Migration from Venezuela has brought additional demand for basic services in Colombia like health and education. This is placing pressure on finances over the short-term and affecting the most vulnerable, including indigenous people and children, both among migrants and local communities. However, if well managed, it can generate medium and long-term economic growth in Colombia, according to a World Bank report launched today.
According to the report, “Migration from Venezuela to Colombia: Impact and Response Strategy in the Short and Medium Term,” the cost of providing additional services in terms of education, health, water, early childhood, humanitarian care, job services and institutional strengthening would be between 0.23% and 0.41% of the country’s GDP, depending on each sector’s absorption capacity.
An example of this is the increase in the demand for healthcare services, which went from 125 cases in 2014 to almost 25,000 in 2017. On the other hand, it is estimated that at least 70,000 irregular migrant children currently find themselves outside the educational system.
“The Colombian government has responded proactively and with a complete sense of brotherhood since the beginning of this migration crisis. We have adapted our legal and institutional framework and we have allocated significant resources to serve both migrants as well as the population living in receiving areas,” said the President of Colombia, Iván Duque. “However, the magnitude of this migration demands additional efforts and a greater commitment from the international community.”
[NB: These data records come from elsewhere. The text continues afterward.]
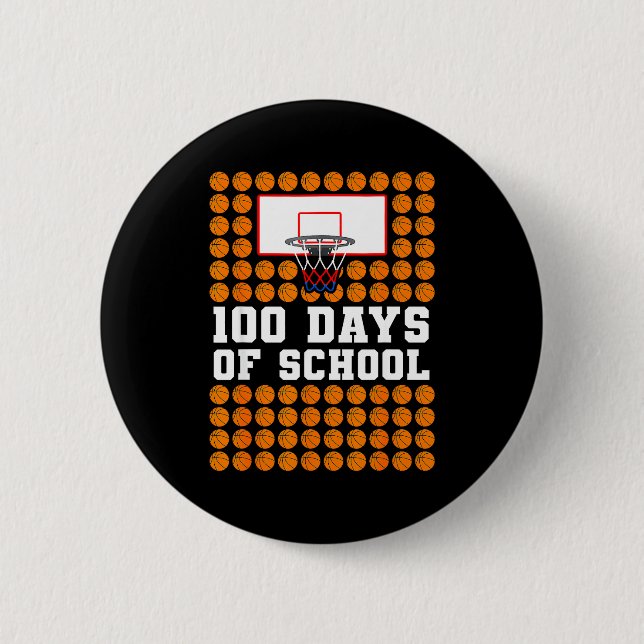 Bóton Redondo 5.08cm 100th Day Of School Basketball Kids 100 Days Of Sc (Frente)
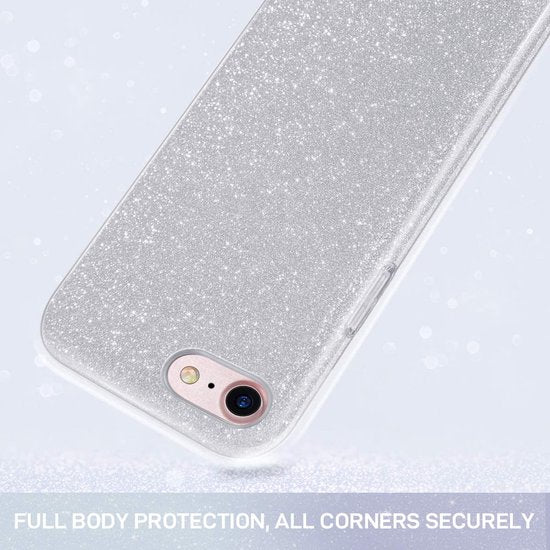 Apple iPhone 7 Hoesje - Zilver - Glitter Back Cover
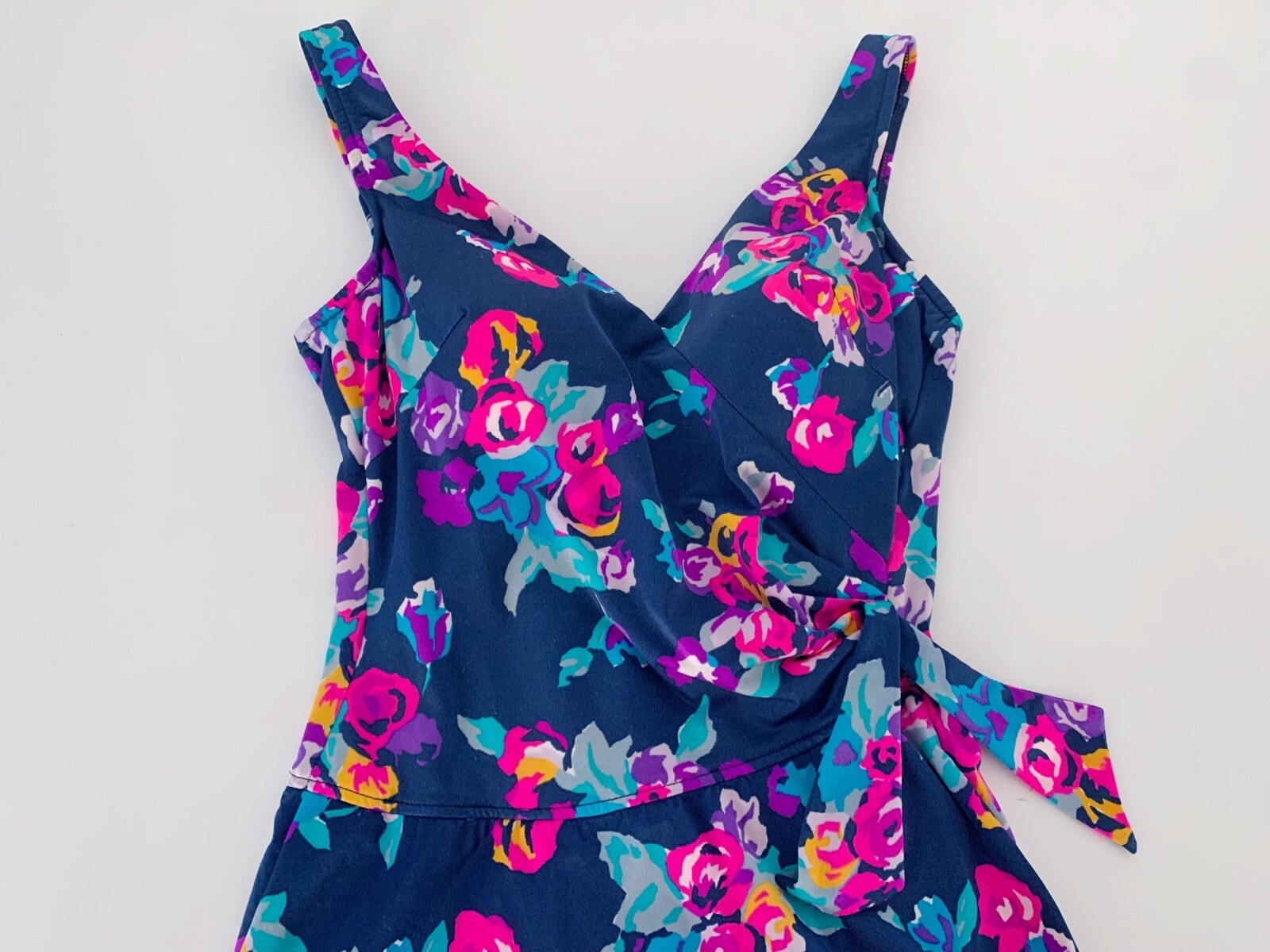 Vintage Maxine Of Hollywood Swimsuit Retro Pink & Blue One Piece Skirted Summer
According to data from the International Organization for Migration (IOM), as of last August, some 2.3 million people had abandoned Venezuela. Of these, close to 1.2 million reside in Colombia, the country hosting the largest number of migrants. Around 76% are Venezuelan, while a further 24% are Colombians returning to the country. Most of them are concentrated in eight of Colombia’s 32 departments, especially La Guajira, Norte de Santander, Arauca, Vichada and Bogota. Following Colombia, the countries that have received the largest number of Venezuelan migrants are Peru, Ecuador and Chile.
“The report analyzes the various consequences of this migratory movement, both from the social as well as the economic point of view,” said Vice-President of the World Bank for Latin America and the Caribbean Jorge Familiar. “This is a challenge that affects other countries, one that will demand regional, coordinated efforts with other players.”
According to the report, if this migration is managed well in the short term, it can contribute to long-term economic growth. According to models analyzing the impact of this migration on the country’s macroeconomic variables, half a million working age people moving to Colombia would accelerate economic growth by 0.2 percentage points. This is explained by an increase in consumption of 0.3 percentage points and in investment of 1.2 points.
In order to contribute to the management of this migration to Colombia, the report includes several policy and programmatic recommendations. Institutionally, it highlights the importance of strengthening coordination mechanisms and generating information to allow for an effective response. Another key point is to facilitate the social and economic integration of migrants, as well as to mitigate specific vulnerabilities among migrants and returnees, providing differentiated treatment to vulnerable groups, such as indigenous people.
The report also recommends strengthening resiliency systems in receiving areas and mitigating the impact on the local population by strengthening the municipal capacity to respond to the growing demand for services, enhancing the availability of relevant services and mobilizing financing to help manage the situation in the short term. Lastly, promoting a policy dialogue at the local, national and regional levels is crucial.
The report, undertaken jointly with the Colombian government and with the support of the United Nations High Commissioner for Refugees (UNHCR) and the International Organization for Migration (IOM), forms part of the support that the World Bank provides to Latin American countries receiving migrants from Venezuela. As part of this work, it is providing technical support to Peru and will shortly begin the compilation of similar reports in Ecuador, building on the experience acquired by the World Bank in other regions.